"how does a smart car compare to a ford f150? its different in its intent and intended audience.
Ollama is someone who goes to walmart and buys a $100 huffy mountain bike because they heard bikes are cool. Torchchat is someone who built a mountain bike out of high quality components chosen for a specific task/outcome with the understanding of how each component in the platform functions and interacts with the others to achieve an end goal."
https://www.reddit.com/r/LocalLLaMA/comments/1eh6xmq/comment...
Longer Answer with some more details is
If you don't care about which quant you're using, only use ollama and want easy integration with desktop/laptop based projects use Ollama.
If you want to run on mobile, integrate into your own apps or projects natively, don't want to use GGUF, want to do quantization, or want to extend your PyTorch based solution use torchchat
Right now Ollama (based on llama.cpp) is a faster way to get performance on a laptop desktop and a number of projects are pre-integrated with Ollama thanks to the OpenAI spec.

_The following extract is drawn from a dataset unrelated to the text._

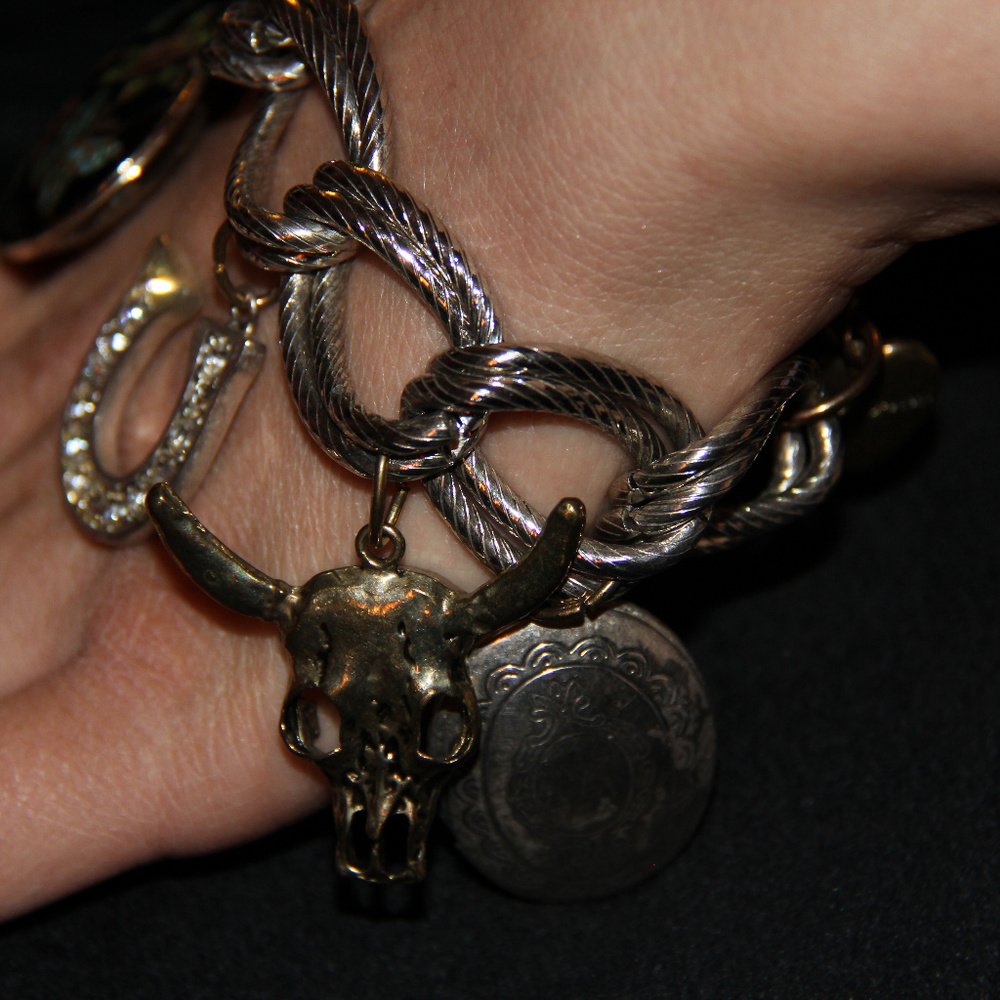 BETSEY JOHNSON Vintage BRACELET BOHO INDIE SKULL B19 butterfly charm heart new - Picture 3 of 8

It's also more mature with more fit and polish.
That said the commands that make everything easy use 4bit quant models and you have to do extra work to go find a GGUF model with a higher (or lower) bit quant and load it into Ollama.
Also worth noting is that Ollama "containerizes" the models on disk so you can't share them with other projects without going through Ollama which is a hard pass for any users and usecases since duplicating model files on disk isn't great.

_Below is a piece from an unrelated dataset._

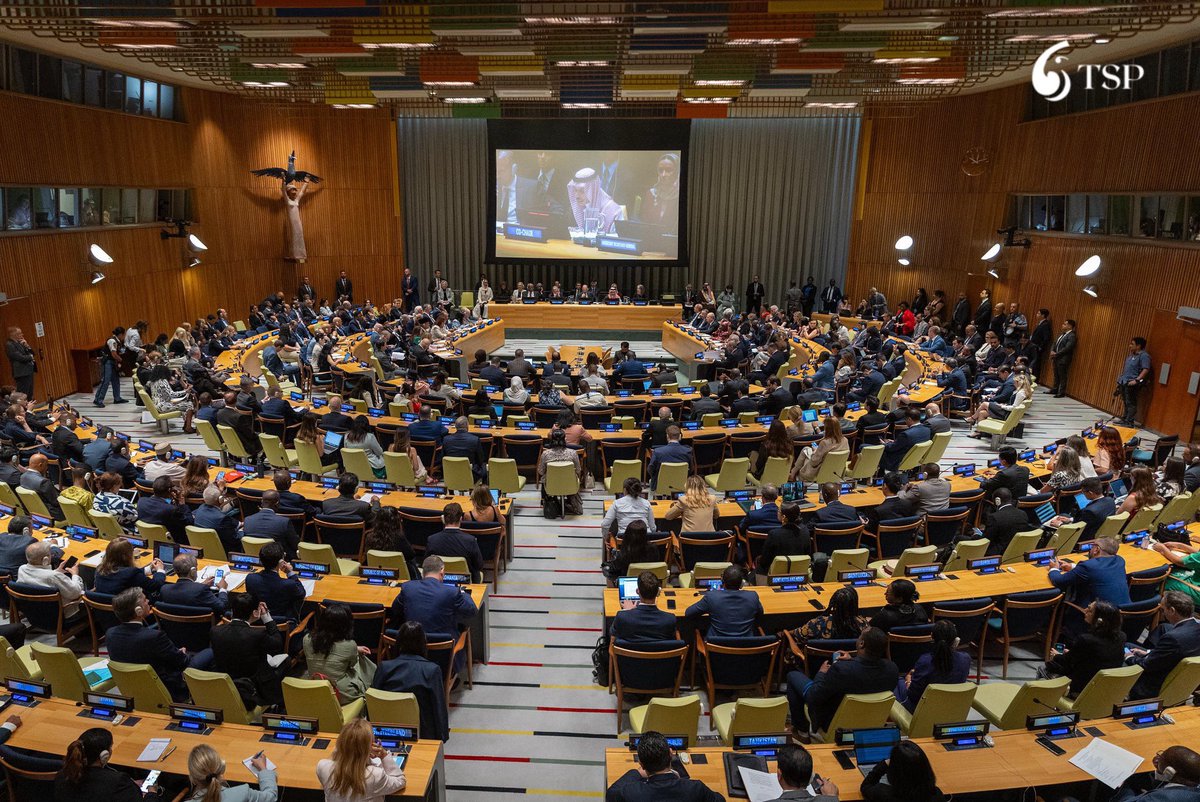 وكالة الأنباء الفرنسية "AFP":

مجلس الأمن سيصوّت يوم الاثنين على مشروع القرار الأمريكي المتعلق بخطة ترامب للسلام وإنهاء الحرب في #غزة 🇺🇳🇸🇦🇺🇸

https://www.reddit.com/r/LocalLLaMA/comments/1eh6xmq/comment...
So you can also run on any LLM privately with ollama, lmstudio, and or LLamaSharp with windows, mac and iphone, all are opensource and customizable too and user friendly and frequently maintained.
Probably if you have any esoteric flags that pytorch supports. Flash attention 2, for example, was supported way earlier on pt than llama.cpp, so if flash attention 3 follows the same path it'll probably make more sense to use this when targeting nvidia gpus.

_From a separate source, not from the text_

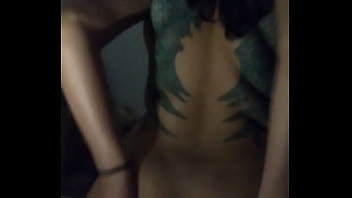 Tatuada Sentando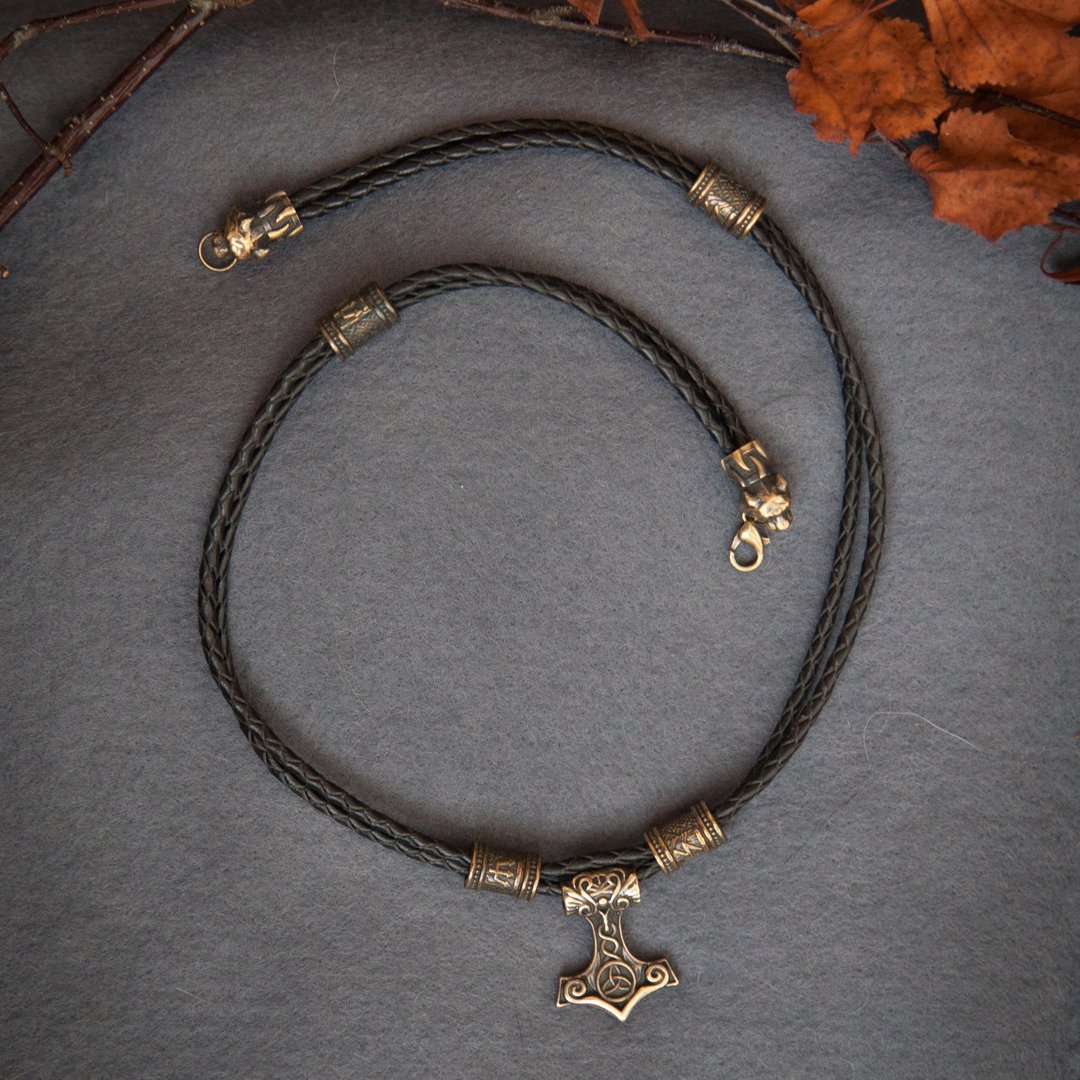 Thor hammer pendant on black leather cord. Mjolnir necklace. Man jewelry. Pagan - 项链 - 其他材质 橘色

It would appear that Flash-3 is already something that exists for PyTorch based on this joint blog between Nvidia, Together.ai and Princeton about enabling Flash-3 for PyTorch: https://pytorch.org/blog/flashattention-3/
Olamma currently has only one "supported backend" which is llama.cpp. It enables downloading and running models on CPU. And might have more mature server.
How well does it run in AMD GPUs these days compared to Nvidia or Apple silicon?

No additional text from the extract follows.